ここで描かれる残虐なシーンや血みどろなカットの興奮はもちろんだが、核にある人の醜さとそれに対応したかのような物語の展開が、鑑賞中、鑑賞後も興奮を持続させる。

鑑賞した人たちが、語りたくなるのも良くわかる。

 

この映画の一番の魅力は、不気味な謎の日本人を演じた國村隼に尽きる。

彼がスクリーンに出てくるだけで空気が変わる。その上で白褌で、鹿のナマ肉を四つ足で喰らうなど、次々と強烈な役を演じきっている。

彼を観るだけでも充分に鑑賞の価値がある。

その上で、映画から感じ語りたくなるようなマジックに満ちた映画だ。

観て、感じて、語って欲しい。

 

 

韓国の山奥にある田舎町で起こった猟奇事件から幕が開き、住民と交流しない不可解な日本人と連続する事件の関係について主人公や住民たちが疑心暗鬼になって行く。

映画評論家の町山智浩によく似た主人公と周囲の人々が、疑心暗鬼に落ちていく過程が丁寧に描かれる。韓国、しかもど田舎の寂れた町にふらりと現れた得体不明の日本人という、それだけでも住民が騒つき悪意をぶつけるだろう存在が、愚かな小市民たちを静かに狂気に導いていく。監督の底意地の悪さが現れた設定だと思う。中国人か日本人を最初から考えていたという。狙い通りだ。

 

明確な説明をつけない突き放したエンディングが、心地よい理解や共感を生まないために、鑑賞後誰もが、映画の中で起こった出来事や登場人物の真意、真実を語りたくなる。

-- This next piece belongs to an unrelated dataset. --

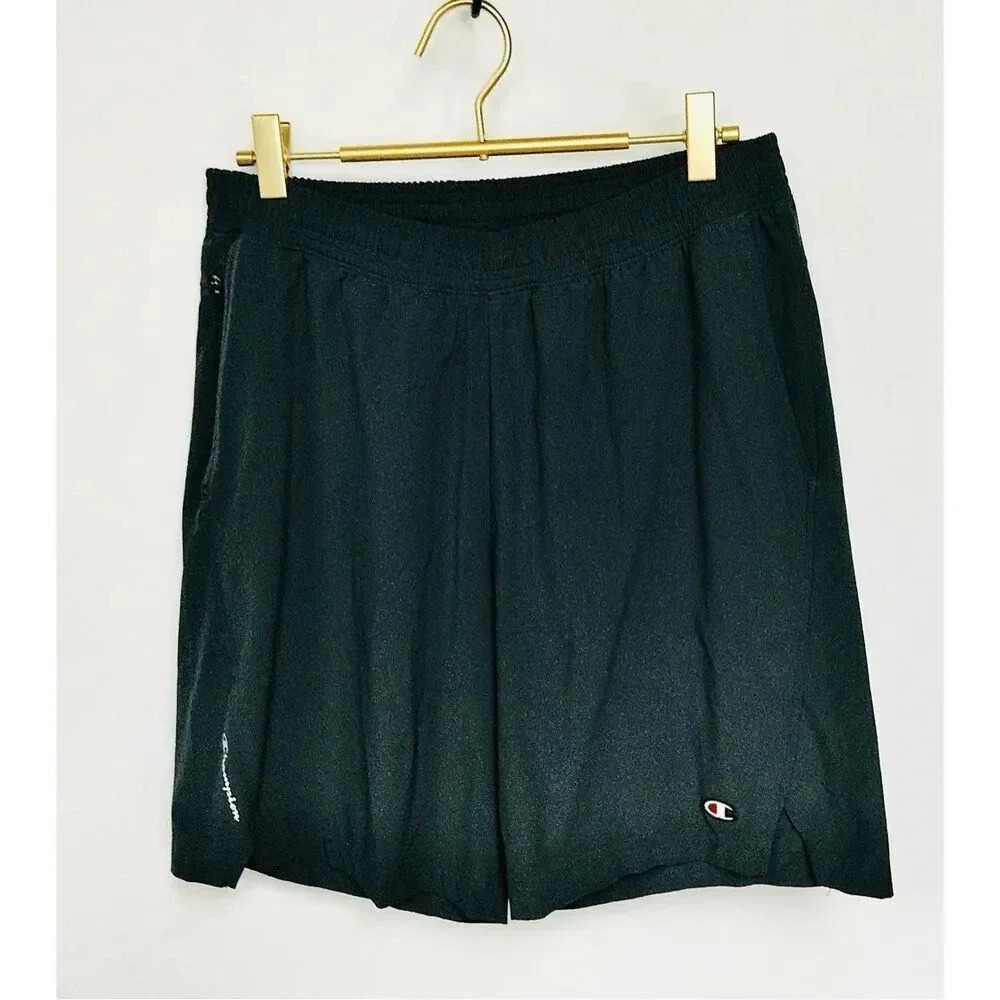 Champion Mens Black Elastic Waist Flat Front Pull-On Athletic‎ MVP Shorts Medium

観た人ごとに解釈が異なり、それぞれが意味付けをしたくなる時点で監督の勝ちだ。

 

猟奇殺人の原因は、所々で描かれる毒性の高いきのこを使用した健康食品による精神と身体の変化と崩壊から起こった殺人だ。

國村隼も、白衣の女性も、祈祷師もその原因ではないことは、明確ではないが、きっちりと伝えられている。

何より映画冒頭で語られる聖書の一節が全てを説明している。

霊だと思っている人には、キリストですら人には見えず疑いを抱くのだ。

真相ではなく、自分が信じたいと思っている悪意、悪霊の存在が真相だと信じてしまう事の醜さがこの映画の投げかけるものだ。

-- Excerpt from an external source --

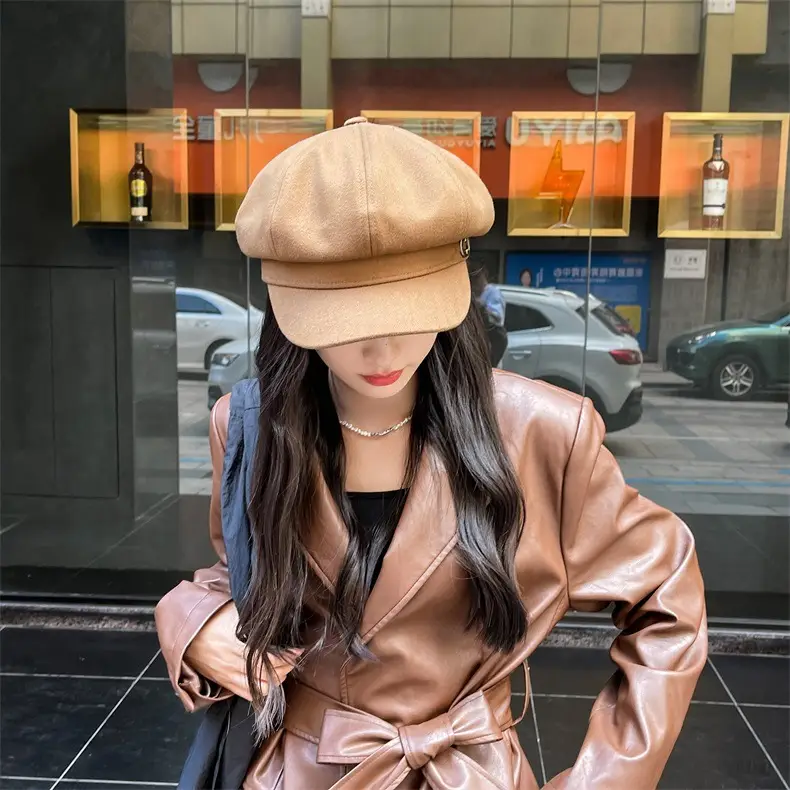 Women Retro British Japanese Peaked Cap Brown — feature 11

真相だと信じる解釈を語る観客達の姿は、自ら信じるものに取り込まれた主人公達と同じものだ。

それこそ、監督がこの映画に仕掛けたものだ。

醜く愚かな人の姿をスクリーンの上だけでなく、観客も巻き込んで感じさせる。

底意地の悪い、映画ならではの面白さだ。

 

國村隼も、祈祷師も、白衣の女性も、さらに家族すら信じられなくなって酷い行為を行う主人公の悲劇は、自業自得だ。彼は最初から最後まで誰も信じ抜く事はなかった。ただ感情のみで犬を殺し、日本人を集団で襲い、仕事を放棄し、祈祷師の儀式をぶち壊し、白衣の女性に禁止された行為を行う。

救われる要素が一つもない彼に、感情移入したり共感する事は一切ない。一見主人公として最悪だが、映画の意図とはぴったりと一致している。

信じない、信じられない、思い込みだけで行動する人間の象徴そのものだ。

最後に彼に訪れる事は、そのまま人に訪れるものなのだろう。

 

こんなに愚かな人の姿を描く事ができる映画という娯楽は、なんて強烈なものだろう。

こんな凄みに溢れた作品を産み出せる韓国の環境を羨ましく思う。

恋だの青春だの一義的な安易な事しか金にできず、キラキラ映画に溢れた邦画の悲劇が悲しい。

 

【蛇足】

この映画を、キリスト教的な視点で解釈したり、韓国でのキリスト教のあり方から解釈している評をいくつか読んだが、どうにも気に入らない。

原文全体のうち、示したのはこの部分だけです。